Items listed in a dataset

=== Begin Enclosure ===

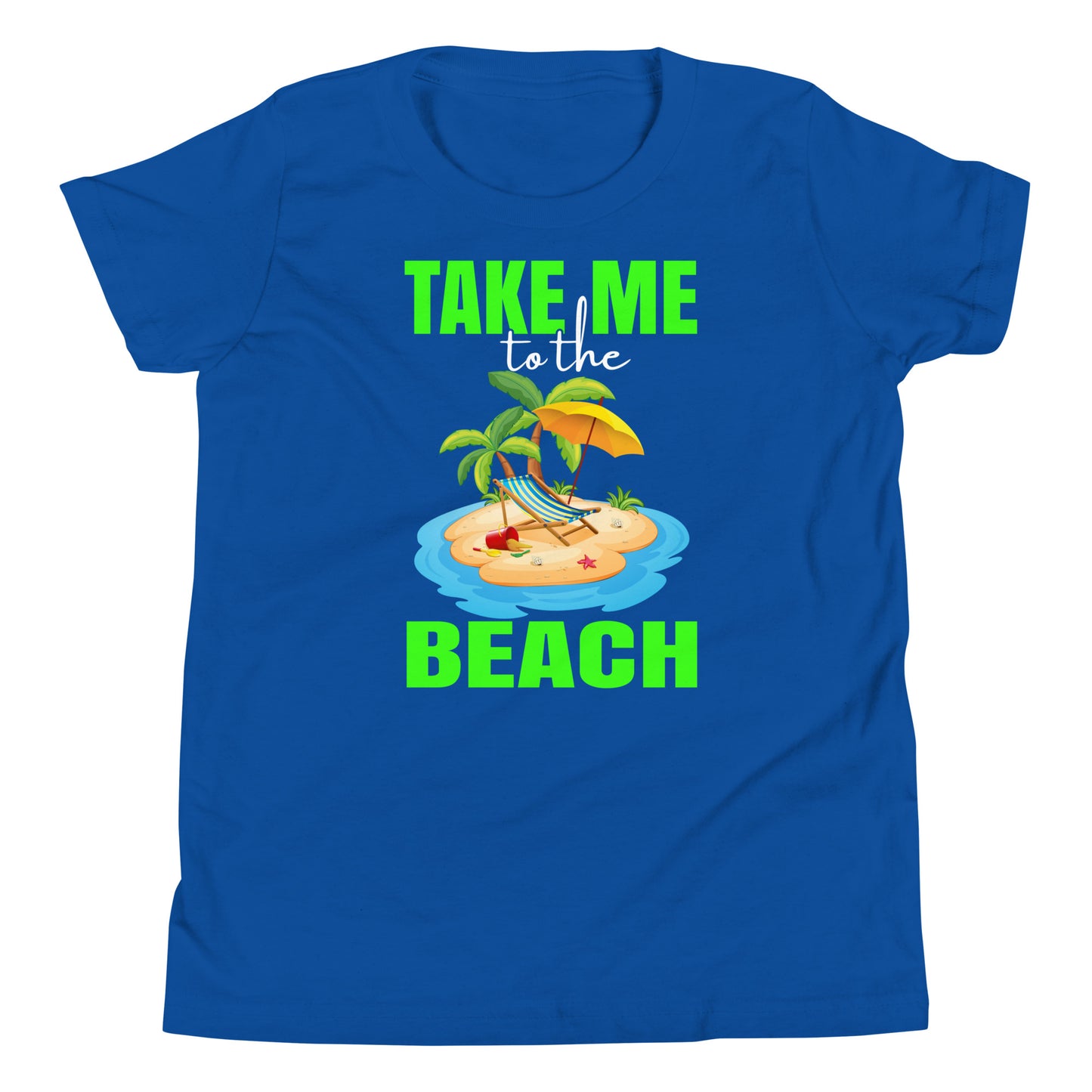 take me to the beach youth short sleeve t-shirt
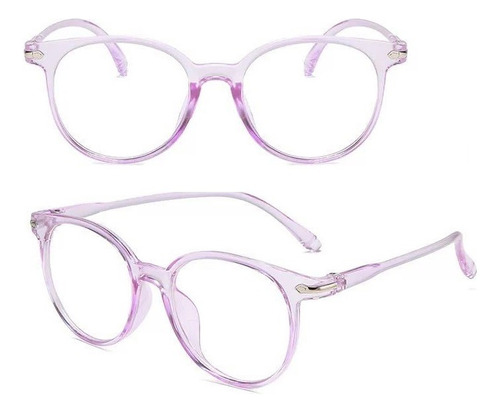 Gafas Monturas Marco Para Lente Formulado Unisex Moda Morado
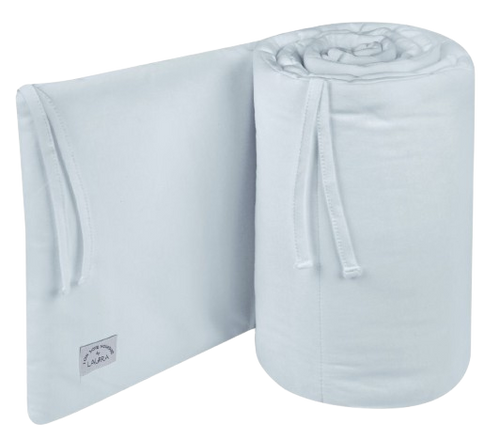 מגן ראש לעריסת תינוק מבד 100% כותנה - תכלת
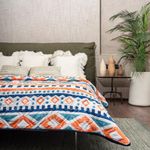 Urban Space Single Bed Comforter 120 GSM Microfiber 3 Layered Quilt Dohar Soft Lightweight Reversible Printed AC Blanket Single Bed for All Season (New York Peach - 145cm x 225cm)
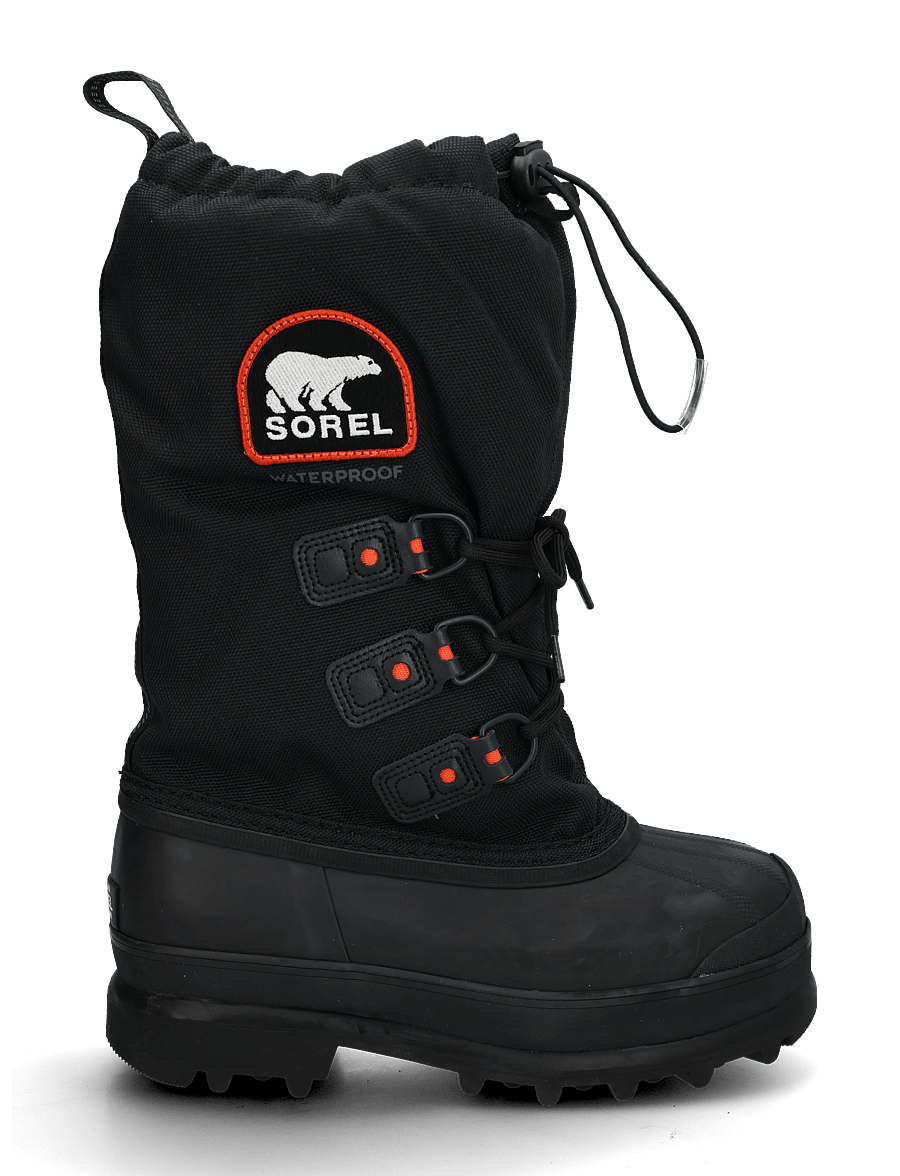 Sorel - GLACIER XT - vintersko - black, red quartz - 2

=== End Enclosure ===

WHAT THE TASK REQUIRES: Without including any pictures, output all the entries above exactly.

ANSWER TO THE EXERCISE:
 take me to the beach youth short sleeve t-shirt
 Gafas Monturas Marco Para Lente Formulado Unisex Moda Morado
 מגן ראש לעריסת תינוק מבד 100% כותנה - תכלת
 Urban Space Single Bed Comforter 120 GSM Microfiber 3 Layered Quilt Dohar Soft Lightweight Reversible Printed AC Blanket Single Bed for All Season (New York Peach - 145cm x 225cm)
 Sorel - GLACIER XT - vintersko - black, red quartz - 2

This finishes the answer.